Former Chairman of the Swiss National Bank, President of the BCGE


Born in 1946, Jean-Pierre Roth received his PhD in economics from the Graduate Institute. He then went on to study at the Massachusetts Institute of Technology (MIT). Upon his return to Geneva he became a lecturer at the University of Geneva and the Institute. He joined the Swiss National Bank (SNB) in 1979. On 1 May 1996, he was appointed Vice-Chairman of the Governing Board and on 1 January 2001 he became Chairman of the Governing Board and Head of Department I responsible for economics, international, legal and administrative affairs. Jean-Pierre Roth has had an illustrious career. He is also a Governor of the International Monetary Fund and was Chairman of the Board of the Bank of International Settlements in Basel, until February 2009. In 2007 he was appointed Switzerland’s representative to the Financial Stability Forum, an international financial body charged with overseeing regulation of the world financial system.
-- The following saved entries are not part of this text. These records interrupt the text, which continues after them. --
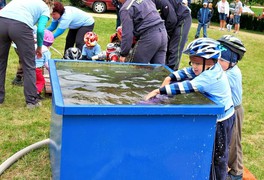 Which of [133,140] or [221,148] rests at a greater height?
[133,140]

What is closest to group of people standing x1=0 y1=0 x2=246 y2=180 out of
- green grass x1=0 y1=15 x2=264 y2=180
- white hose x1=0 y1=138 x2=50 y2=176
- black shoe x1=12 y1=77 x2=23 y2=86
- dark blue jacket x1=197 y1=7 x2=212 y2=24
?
green grass x1=0 y1=15 x2=264 y2=180

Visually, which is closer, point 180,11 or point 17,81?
point 180,11

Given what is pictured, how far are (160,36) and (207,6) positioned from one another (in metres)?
10.6

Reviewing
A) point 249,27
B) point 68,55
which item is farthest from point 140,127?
point 249,27

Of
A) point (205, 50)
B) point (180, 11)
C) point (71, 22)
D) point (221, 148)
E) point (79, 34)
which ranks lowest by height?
point (221, 148)

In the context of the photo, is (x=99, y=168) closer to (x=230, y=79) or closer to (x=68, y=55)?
(x=230, y=79)

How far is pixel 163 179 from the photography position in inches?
105

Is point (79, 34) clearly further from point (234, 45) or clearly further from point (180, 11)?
point (234, 45)

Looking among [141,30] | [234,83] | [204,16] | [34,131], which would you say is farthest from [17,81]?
[204,16]

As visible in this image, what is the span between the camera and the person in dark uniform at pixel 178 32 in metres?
5.77

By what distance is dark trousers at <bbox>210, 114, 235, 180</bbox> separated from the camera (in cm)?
296

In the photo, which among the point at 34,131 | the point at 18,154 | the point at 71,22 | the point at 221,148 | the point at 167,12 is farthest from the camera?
the point at 71,22

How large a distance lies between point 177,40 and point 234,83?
281 cm

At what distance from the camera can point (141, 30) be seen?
455 cm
Jean-Pierre Roth will retire from the SNB on 31 December 2009. He will be succeeded by fellow colleague and Graduate Institute alumnus, Philipp Hildebrand.

How can similar developments be avoided in future?

It is an illusion to think that we will ever be able to avoid financial crises. But we can learn from the present crisis in order to reduce the frequency, severity, or spill-over to the real economy of future financial crises. One of the lessons that we have learned is that we need to strengthen the regulation of the financial sector, so that our banks will be more resilient to future shocks. But we also need to be better at monitoring and addressing potential systemic risks in the financial system. This means that we need to enhance macro-prudential supervision and regulation, as opposed to micro-prudential regulation, which is concerned with the stability and resilience of individual banks. The macro-prudential approach addresses the stability and resilience of the system as a whole. Here, central banks clearly have an important role to play in the future. We have to accept that a mere focus on price stability as measured by the headline CPI is too narrow a definition of what we should be doing. We have already come a long way in strengthening capital and liquidity requirements here in Switzerland. But more needs to be done. For example, the crisis has made it clear that certain banks around the world have developed into such large and interconnected institutions that they cannot be allowed to fail without jeopardising the stability of the entire financial system. This too-big-and-interconnected-to-fail problem is of particular concern here in Switzerland and it has to be dealt with.